= Museum of Chocolate (Pokrov) =

Museum in Russia

The Museum of Chocolate, located to the east of Moscow in the town of Pokrov, Vladimir Oblast, was opened on March 12, 2004.

The Museum displays the entire history of chocolate for over 4,000 years. The exhibition tells about the foundation of the Stollwerck factory launched in Pokrov in 1997. In 2001, the factory was acquired by Kraft Foods (USA), one of the largest chocolate producers in Russia, which initiated the foundation of the museum.

In 2003, the Museum of Chocolate won the contest arranged by the Physical Culture, Sports, and Tourism Committee of the Vladimir Region's Government among the newly created museums and exhibitions for tourists. The Museum's visitors can stop by a Shokoladnitsa café for a cup of tea or coffee, and to try products of the local chocolate factory.

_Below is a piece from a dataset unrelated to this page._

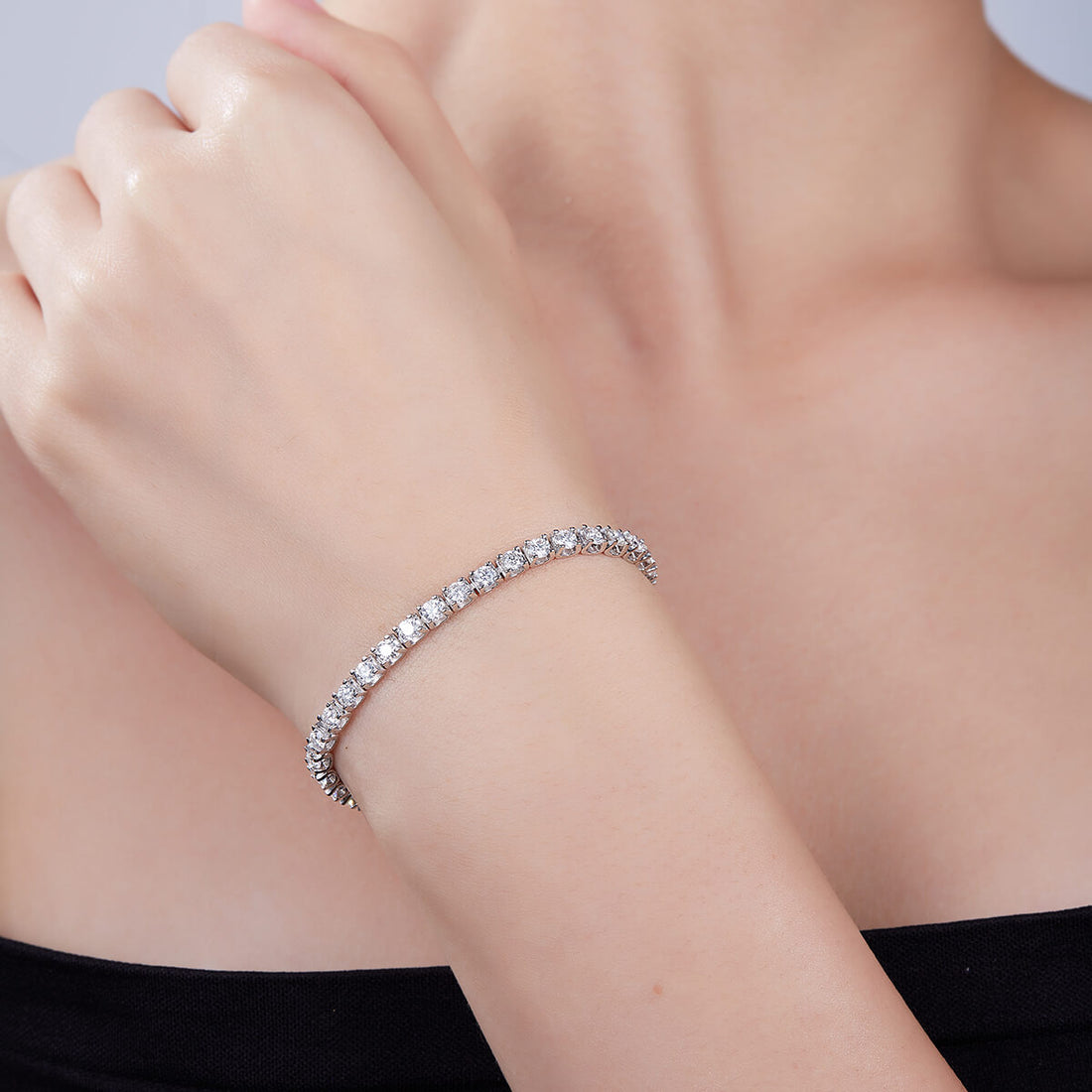 Classic round cut Moissanite tennis bracelet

The Monument to Chocolate in Pokrov, near the museum, was designed as a result of a design competition, much like that of the Vietnam War Memorial in Washington, DC, in the United States. The winner was Ilya Shanin, a Russian sculptor whose art reaches Germany, Austria, and Belgium. The monument itself shows a man with a tall, pointy hat. The man's chest resembles the square pieces of a chocolate bar, and the man carries a chocolate bar.

The exhibition is hosted by the Pokrov Local History Museum.